Two different answers with Laplace

Question

Find the solution for the equation

$$ -u'' + u = \delta'(t)$$

for which it "disappears" for $t<0$ By using residuals!

So I used Laplace transformation for this.

$$Y(-s^2 + 1) = \mathcal{L}(\delta'(t))$$ $$Y(s) = \frac{s}{1-s^2}$$

Now here comes something interesting from my part

$$Y(s) = \frac{-s}{s^2-1} = \frac{s}{1-s^2} $$ The inverse Laplace transformation of these two should be the same right? But it isn't! Why?
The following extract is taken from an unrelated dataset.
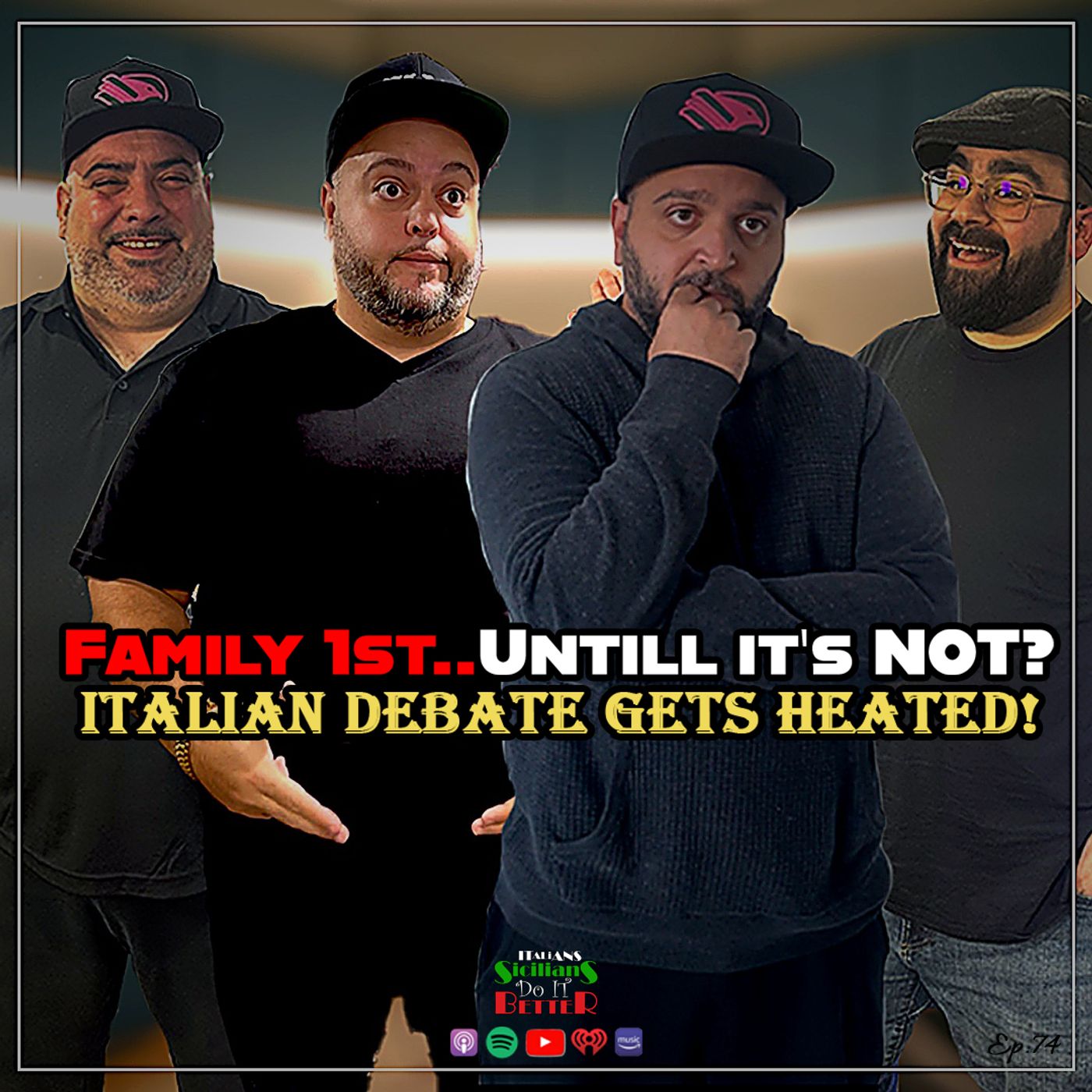 Family First… Until It’s Not - Italian Debate Gets Heated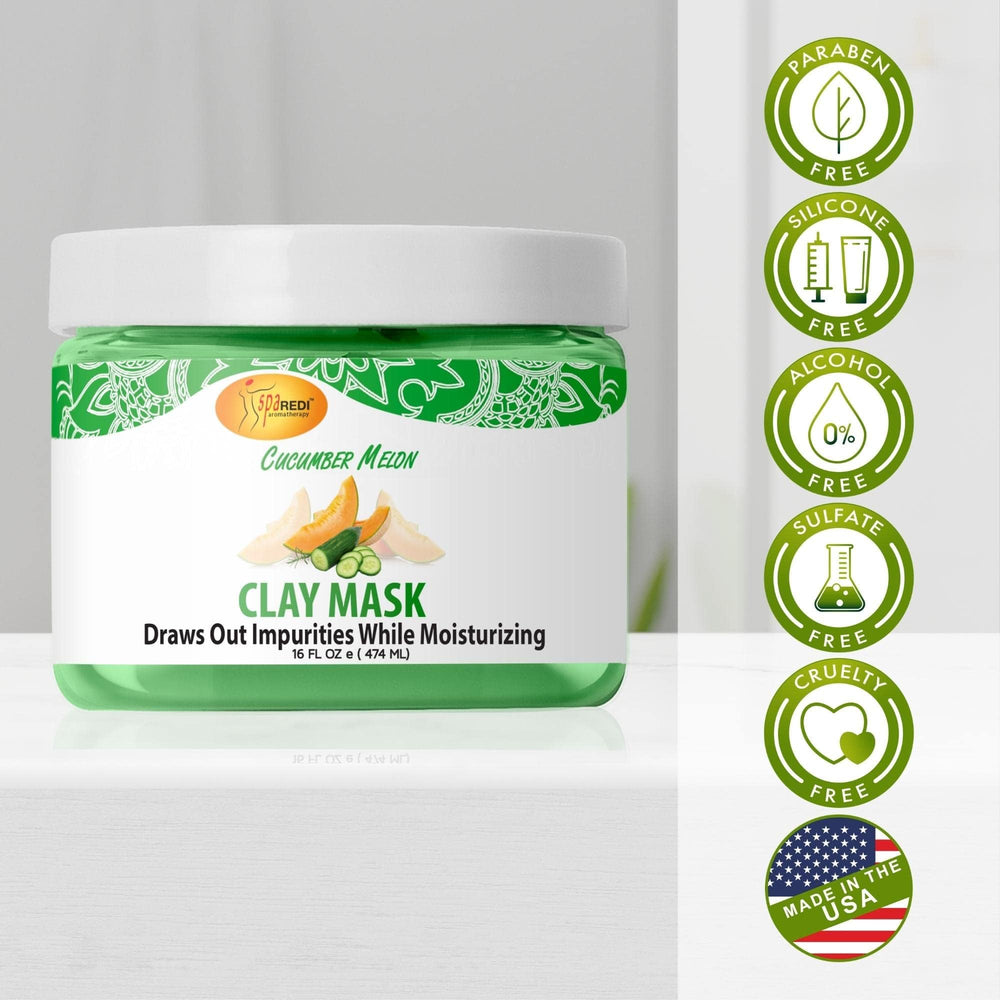 SPA REDI product in mint and eucalyptus spa setting conveying refreshing aromatherapy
Is it something I have done wrong ? The solution I obtained was with exponentials.

If I write the question in this form :

$$Y(s) = \frac{-s}{s^2-1} = \frac{s}{(1-s)(1+s)}$$

And solve it using residual calculation, Hence:

$S = -1$ $$Res_{(s \longrightarrow -1 )} (1+s) Y(s) e^{st} = lim_{s \longrightarrow -1} \frac{se^{st}}{(1-s)} = - \frac{e^{-t}}{2}$$

$S = 1$ $$Res_{(s \longrightarrow 1 )} (1-s) Y(s) e^{st} = lim_{s \longrightarrow 1} \frac{se^{st}}{(1+s)} = \frac{e^t}{2}$$

This is where I get confused!

Answer 1

I found the error I made, it was when I used the Residual calculation.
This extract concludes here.